Astuces pour gérer la situation au quotidien
Sur le terrain, plusieurs pratiques permettent de prolonger l’enveloppe sans sacrifier les expériences. Déjeuner dans les marchés couverts plutôt qu’au restaurant — le marché Ben Thanh à Hô-Chi-Minh-Ville ou le marché central de Đà Lạt proposent des plats locaux savoureux pour 1,50 à 3 euros. Louer un vélo ou un scooter pour explorer les villes plutôt que de multiplier les Grab. Se loger légèrement en retrait des centres historiques pour diviser les tarifs par deux. Acheter l’eau en grandes bouteilles dans les supermarchés (Circle K, Winmart) plutôt qu’à l’unité dans les kiosques touristiques.

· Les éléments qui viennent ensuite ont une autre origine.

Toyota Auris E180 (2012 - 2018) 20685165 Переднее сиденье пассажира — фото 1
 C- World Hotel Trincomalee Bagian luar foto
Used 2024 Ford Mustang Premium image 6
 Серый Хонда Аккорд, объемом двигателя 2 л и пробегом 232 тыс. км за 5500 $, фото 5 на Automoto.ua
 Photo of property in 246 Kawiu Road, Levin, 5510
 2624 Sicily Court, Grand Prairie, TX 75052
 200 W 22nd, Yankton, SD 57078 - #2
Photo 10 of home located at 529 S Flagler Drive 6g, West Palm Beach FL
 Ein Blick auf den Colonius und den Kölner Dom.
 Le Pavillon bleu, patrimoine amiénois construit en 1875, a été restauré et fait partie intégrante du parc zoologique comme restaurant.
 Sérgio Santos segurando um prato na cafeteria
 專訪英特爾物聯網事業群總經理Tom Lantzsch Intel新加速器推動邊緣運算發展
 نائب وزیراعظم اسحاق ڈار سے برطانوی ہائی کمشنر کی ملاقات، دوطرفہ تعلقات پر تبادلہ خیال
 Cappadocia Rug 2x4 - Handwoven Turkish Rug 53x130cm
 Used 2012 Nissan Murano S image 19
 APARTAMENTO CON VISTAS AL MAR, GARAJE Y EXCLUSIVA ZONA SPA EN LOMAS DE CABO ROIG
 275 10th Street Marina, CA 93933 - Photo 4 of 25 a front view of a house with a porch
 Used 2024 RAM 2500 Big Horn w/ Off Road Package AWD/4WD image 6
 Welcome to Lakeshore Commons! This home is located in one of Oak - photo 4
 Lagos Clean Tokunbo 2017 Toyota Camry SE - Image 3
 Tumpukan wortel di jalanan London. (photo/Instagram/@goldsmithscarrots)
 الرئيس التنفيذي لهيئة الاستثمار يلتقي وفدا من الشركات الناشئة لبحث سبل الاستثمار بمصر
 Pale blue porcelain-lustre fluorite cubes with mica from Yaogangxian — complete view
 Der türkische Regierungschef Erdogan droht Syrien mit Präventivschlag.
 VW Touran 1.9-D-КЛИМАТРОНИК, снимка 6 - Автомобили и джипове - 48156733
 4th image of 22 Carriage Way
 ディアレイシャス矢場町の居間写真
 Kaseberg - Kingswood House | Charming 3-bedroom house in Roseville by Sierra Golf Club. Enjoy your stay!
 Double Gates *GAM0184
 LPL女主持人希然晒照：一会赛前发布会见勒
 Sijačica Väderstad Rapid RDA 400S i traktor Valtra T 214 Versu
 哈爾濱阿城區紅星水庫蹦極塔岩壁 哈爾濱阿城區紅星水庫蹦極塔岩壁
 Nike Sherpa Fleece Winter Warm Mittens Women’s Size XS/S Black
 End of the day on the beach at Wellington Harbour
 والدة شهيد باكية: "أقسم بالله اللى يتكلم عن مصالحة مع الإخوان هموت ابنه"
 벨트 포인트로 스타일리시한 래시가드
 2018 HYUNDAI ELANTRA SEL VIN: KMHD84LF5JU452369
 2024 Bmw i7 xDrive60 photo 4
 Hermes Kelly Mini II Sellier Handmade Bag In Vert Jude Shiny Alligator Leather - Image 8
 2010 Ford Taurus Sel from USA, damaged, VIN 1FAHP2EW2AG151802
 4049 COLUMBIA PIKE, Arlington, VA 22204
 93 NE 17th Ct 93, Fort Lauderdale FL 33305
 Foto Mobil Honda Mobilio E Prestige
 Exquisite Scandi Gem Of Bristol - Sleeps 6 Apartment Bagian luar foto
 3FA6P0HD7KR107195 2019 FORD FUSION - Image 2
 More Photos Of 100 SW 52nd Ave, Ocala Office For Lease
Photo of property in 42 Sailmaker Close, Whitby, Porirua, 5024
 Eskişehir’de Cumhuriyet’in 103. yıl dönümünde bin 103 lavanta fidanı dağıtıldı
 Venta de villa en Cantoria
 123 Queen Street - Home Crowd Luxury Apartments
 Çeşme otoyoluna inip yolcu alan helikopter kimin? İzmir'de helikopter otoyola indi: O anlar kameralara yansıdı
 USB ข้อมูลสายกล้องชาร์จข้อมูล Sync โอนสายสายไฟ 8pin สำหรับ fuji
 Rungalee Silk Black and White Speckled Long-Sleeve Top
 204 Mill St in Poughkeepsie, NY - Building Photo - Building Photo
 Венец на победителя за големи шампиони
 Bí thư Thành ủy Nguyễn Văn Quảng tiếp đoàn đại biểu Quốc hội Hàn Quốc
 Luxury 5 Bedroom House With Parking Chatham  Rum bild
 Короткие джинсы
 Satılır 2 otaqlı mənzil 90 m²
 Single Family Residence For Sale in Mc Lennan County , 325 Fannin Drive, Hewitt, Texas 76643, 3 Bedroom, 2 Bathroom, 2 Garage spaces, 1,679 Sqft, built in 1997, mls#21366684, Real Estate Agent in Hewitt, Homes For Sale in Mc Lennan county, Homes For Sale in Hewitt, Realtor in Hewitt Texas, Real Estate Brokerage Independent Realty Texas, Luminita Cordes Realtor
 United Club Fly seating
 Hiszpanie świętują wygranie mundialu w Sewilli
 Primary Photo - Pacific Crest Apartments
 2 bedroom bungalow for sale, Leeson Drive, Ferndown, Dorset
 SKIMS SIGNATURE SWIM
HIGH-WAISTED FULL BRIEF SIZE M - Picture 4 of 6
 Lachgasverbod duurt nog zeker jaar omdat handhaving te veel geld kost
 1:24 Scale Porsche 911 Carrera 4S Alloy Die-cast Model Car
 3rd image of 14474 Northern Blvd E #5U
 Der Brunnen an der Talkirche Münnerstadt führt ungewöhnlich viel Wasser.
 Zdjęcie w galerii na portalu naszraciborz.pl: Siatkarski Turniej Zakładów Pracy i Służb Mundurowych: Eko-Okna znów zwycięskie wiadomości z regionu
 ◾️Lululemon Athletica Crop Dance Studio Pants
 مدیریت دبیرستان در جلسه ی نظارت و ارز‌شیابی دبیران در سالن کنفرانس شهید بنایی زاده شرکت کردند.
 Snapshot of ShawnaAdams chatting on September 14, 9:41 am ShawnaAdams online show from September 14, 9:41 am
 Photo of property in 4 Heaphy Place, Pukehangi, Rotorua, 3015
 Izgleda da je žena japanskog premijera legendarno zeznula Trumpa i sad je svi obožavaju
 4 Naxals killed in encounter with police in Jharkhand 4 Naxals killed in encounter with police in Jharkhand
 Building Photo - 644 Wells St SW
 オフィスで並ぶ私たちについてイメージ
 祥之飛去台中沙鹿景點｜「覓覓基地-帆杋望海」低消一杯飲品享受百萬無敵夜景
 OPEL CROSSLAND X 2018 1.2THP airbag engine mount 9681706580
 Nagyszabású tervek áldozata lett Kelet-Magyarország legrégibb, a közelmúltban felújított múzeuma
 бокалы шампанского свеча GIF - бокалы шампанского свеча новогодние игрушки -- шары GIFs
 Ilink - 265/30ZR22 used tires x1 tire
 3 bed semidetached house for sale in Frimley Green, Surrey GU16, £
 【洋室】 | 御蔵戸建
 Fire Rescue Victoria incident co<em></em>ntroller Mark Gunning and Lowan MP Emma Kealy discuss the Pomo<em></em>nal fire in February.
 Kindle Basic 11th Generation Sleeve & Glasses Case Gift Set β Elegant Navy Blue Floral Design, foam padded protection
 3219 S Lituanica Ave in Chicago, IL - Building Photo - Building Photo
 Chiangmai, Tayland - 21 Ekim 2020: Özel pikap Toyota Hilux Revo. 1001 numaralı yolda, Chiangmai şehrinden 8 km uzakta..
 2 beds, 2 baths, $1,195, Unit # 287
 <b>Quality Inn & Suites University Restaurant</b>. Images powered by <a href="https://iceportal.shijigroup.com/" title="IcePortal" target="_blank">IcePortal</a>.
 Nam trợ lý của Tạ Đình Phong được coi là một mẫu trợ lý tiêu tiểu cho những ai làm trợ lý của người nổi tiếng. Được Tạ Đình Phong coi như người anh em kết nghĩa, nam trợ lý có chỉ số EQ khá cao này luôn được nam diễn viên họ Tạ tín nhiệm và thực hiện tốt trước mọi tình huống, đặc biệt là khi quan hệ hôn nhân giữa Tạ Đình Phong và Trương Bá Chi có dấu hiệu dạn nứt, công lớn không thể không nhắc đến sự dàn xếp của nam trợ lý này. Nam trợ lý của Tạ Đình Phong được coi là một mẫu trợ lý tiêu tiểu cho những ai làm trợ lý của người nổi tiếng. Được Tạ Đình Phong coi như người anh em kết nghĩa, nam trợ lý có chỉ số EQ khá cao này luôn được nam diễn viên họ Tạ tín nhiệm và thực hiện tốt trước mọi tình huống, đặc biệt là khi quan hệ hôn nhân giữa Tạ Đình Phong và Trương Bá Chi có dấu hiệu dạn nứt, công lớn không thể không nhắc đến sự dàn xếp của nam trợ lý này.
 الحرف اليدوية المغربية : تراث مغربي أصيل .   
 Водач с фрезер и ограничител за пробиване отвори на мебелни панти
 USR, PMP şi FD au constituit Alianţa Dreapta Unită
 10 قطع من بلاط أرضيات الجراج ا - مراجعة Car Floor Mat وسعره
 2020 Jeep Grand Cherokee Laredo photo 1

Différences avec les habitudes françaises
La notion de séparation de l’addition n’existe pas dans la restauration vietnamienne : on paie collectivement pour tout le groupe. Le pourboire n’est pas une obligation culturelle, mais il est apprécié dans les restaurants fréquentés par les touristes (arrondir à la dizaine de milliers de VND est bien vu). Contrairement aux habitudes françaises, les prix des hôtels s’entendent généralement hors petit-déjeuner dans les établissements milieu de gamme. La réservation tardive (la veille) est souvent possible et même avantageuse dans les auberges de jeunesse qui préfèrent remplir leurs dortoirs à prix réduit.
Outils et applications mobiles utiles
Pour naviguer efficacement dans le système financier vietnamien, quelques applications s’imposent. Grab gère les transports urbains avec tarif fixé avant la course. XE Currency ou Revolut convertissent les montants à la seconde. 12go.asia centralise tous les billets de transport longue distance (bus, train, ferry). Pour trouver le meilleur rapport qualité-prix entre les hébergements, Agoda et Hostelworld couvrent l’ensemble des gammes. Pour planifier ses dépenses par étape avant même de partir, un simulateur détaillé sur quel prix pour un voyage au Vietnam permet d’affiner son enveloppe selon le profil de voyageur et les régions visées.
Questions fréquentes
Comment changer ses euros au meilleur taux au Vietnam ?
Les distributeurs automatiques des banques locales (Vietcombank, Techcombank) proposent les meilleurs taux de change, après déduction des frais de retrait de votre banque française. Les bijouteries agréées (Bao Tin Minh Chau à Hà Nội) peuvent également offrir de bons taux. Évitez absolument les bureaux de change de l’aéroport et les propositions de change dans la rue.
Faut-il absolument parler anglais pour gérer son budget au Vietnam ?
L’anglais basique suffit dans les zones touristiques. Dans les marchés et gargotes locaux, montrer les prix sur son téléphone ou utiliser les doigts fonctionne parfaitement. Les applications de traduction comme Google Translate en mode caméra permettent de déchiffrer les menus en vietnamien et d’éviter les mauvaises surprises à l’addition.
Est-il possible de voyager au Vietnam avec moins de 30 euros par jour ?
Oui, c’est tout à fait réalisable en adoptant le mode de vie du voyageur local : dortoirs en auberge de jeunesse (8 à 12 euros), repas de rue (1 à 2 euros), bus locaux et train couchette pour les longs trajets. Les villes comme Hội An ou Đà Nẵng permettent même de tenir à 20-25 euros par jour tout compris si l’on choisit les établissements hors des circuits touristiques principaux.